Around 263,000 people are now unprotected and under threat of deportation, as the TPS allowed them to reside legally and work in the United States.

For the DHS secretary, Kirstjen Nielsen, "the conditions in El Salvador have improved significantly since (the catastrophe)," which puts an end to the original justification for protecting these immigrants from deportation.

“Only Congress can legislate a permanent solution addressing the lack of an enduring lawful immigration status of those currently protected by TPS who have lived and worked in the United States for many years,” the announcement states. “The 18-month delayed termination will allow Congress time to craft a potential legislative solution.”

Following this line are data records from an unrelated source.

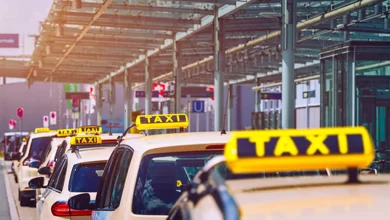 sharjah taxis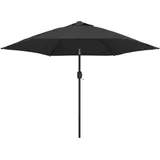 furnicato Ø 300 cm Anthrazit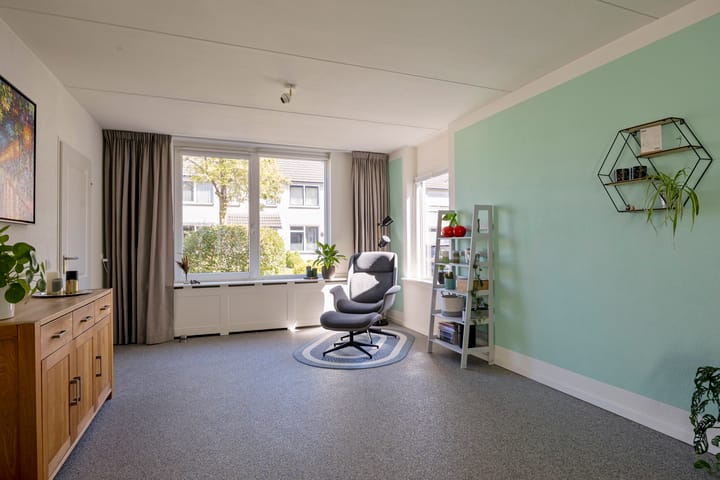 Tussenwoning te koop: Kronenland 1508, Wijchen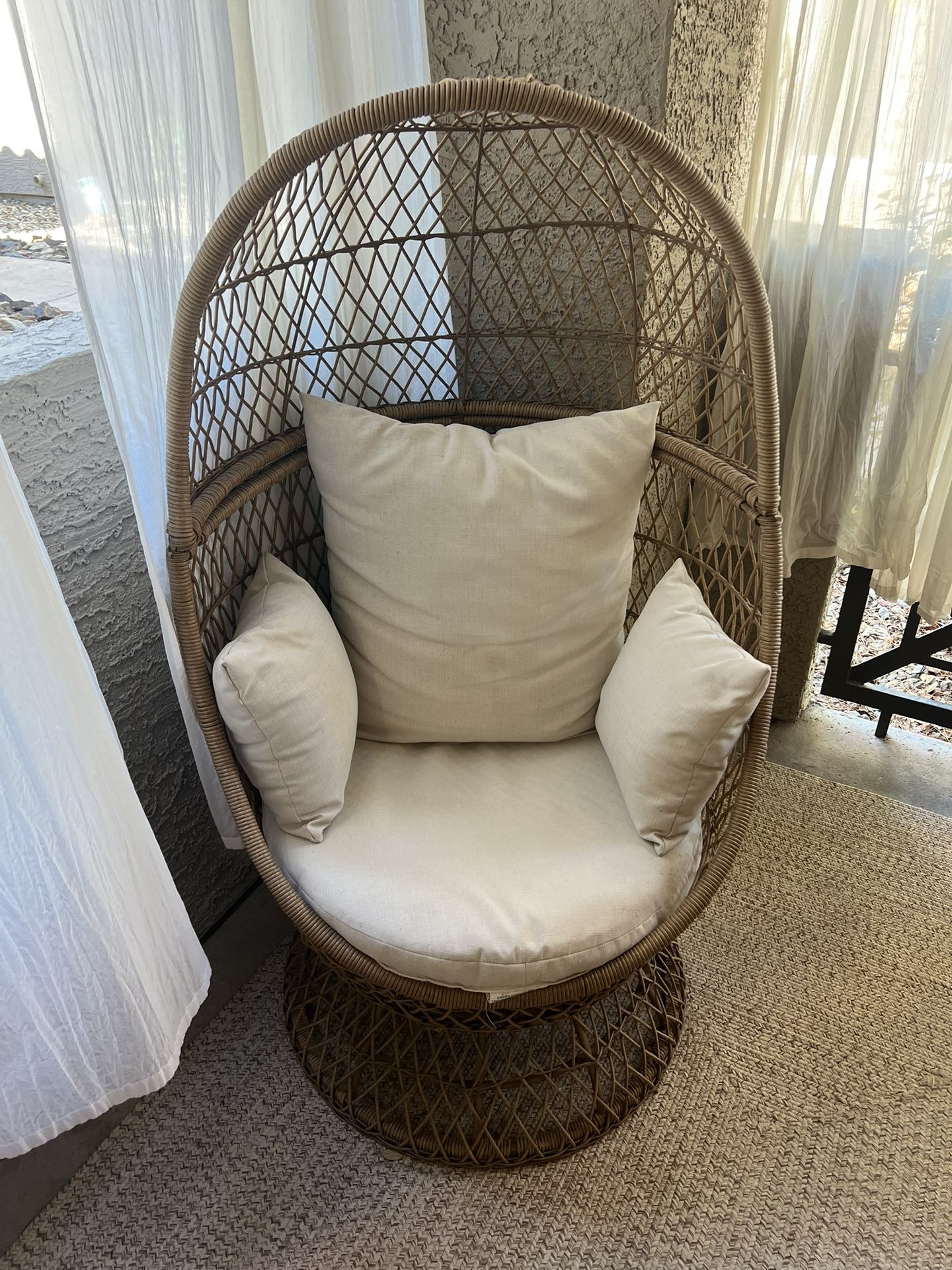 Egg Chair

According to the Washington Post, this is the most radical measure imposed by the Trump administration considering the number of people affected: those 200,000 Salvadorans are parents of around 190,000 young people born and nationalized as Americans, and a third of them are owners of properties in the country.

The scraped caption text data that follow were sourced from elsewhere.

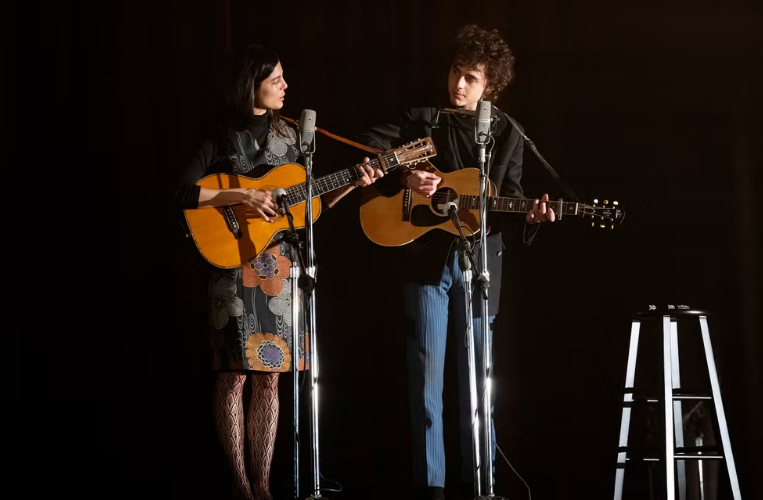 „Like A Complete Unknown“: 1. Blick auf den Dylan-Film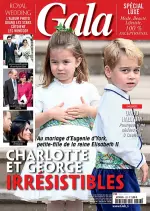 Gala N°1323 Du 17 Octobre 2018  [Magazines]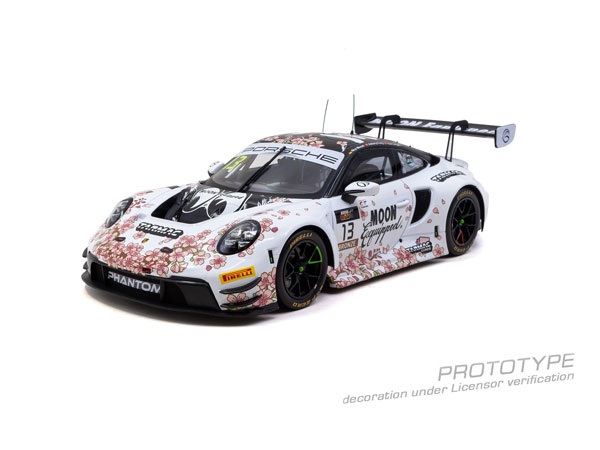 SD3 大シークレット AmiAmi [Character & Hobby Shop] | 1/18 Porsche 911 GT3 R Suzuka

During the month of November, the government also ended the TPS that protected 60,000 Haitians and 2,500 Nicaraguans after the natural disasters of 2010 and 1998, respectively.

This decision will not only affect Salvadorans residing in the United States but also their country of origin, which is listed as one of the most violent nations in all of Latin America. According to Kevin Appleby of the Center for Migration Studies in New York, ending the TPS will involve the "destabilization of an already violent country," which translates into "weakening our interest in a more stable Central America."

But for columnists and analysts like Cristian Izquierdo (NACLA), the TPS has become a political tool for both the US government and the Salvadoran governments.

According to Izquierdo, the hundreds of thousands of Salvadorans who arrived in the United States in the 1990s fled the "great impact of an armed conflict that lasted 12 years (1980-1992), in which US-backed forces killed up to 75,000 civilians." It was the natural disasters between 1998 and 2001 that eventually led to the formation of the TPS as a preventive measure, which implied an income of up to 120 million dollars per year from the application of permit fees.

Likewise, family remittances sent from the United States to the countries of Central America have added up to 8.5 billion dollars, only in 2016, which is interpreted as the real meaning of the "symbol of friendship and support" that the Bush and Obama administrations referred to.

The Salvadoran right wing used this reality to obtain votes during the elections, threatening that the left would make the TPS disappear if coming to power.

For Trump, on the other hand, the annulment of TPS wins him solidarity within his closest circles - a cabinet of people who have shown their antagonism to immigration - and within those who should vote in favor of their Republican representatives during this year's elections.

Finally, those who really lose are not only the hundreds of Salvadorans who will be left unprotected but the companies that depend on immigrant labor, because of all those who have protection, 80% are working, explained the executive director of Haitian Women of Miami, Marleine Bastien to the Miami Herald: "They are our teachers, professors, and business owners".

The decision is now in the hands of Congress, who will have to find a solution in the midst of the chaotic political scenario expected in 2018.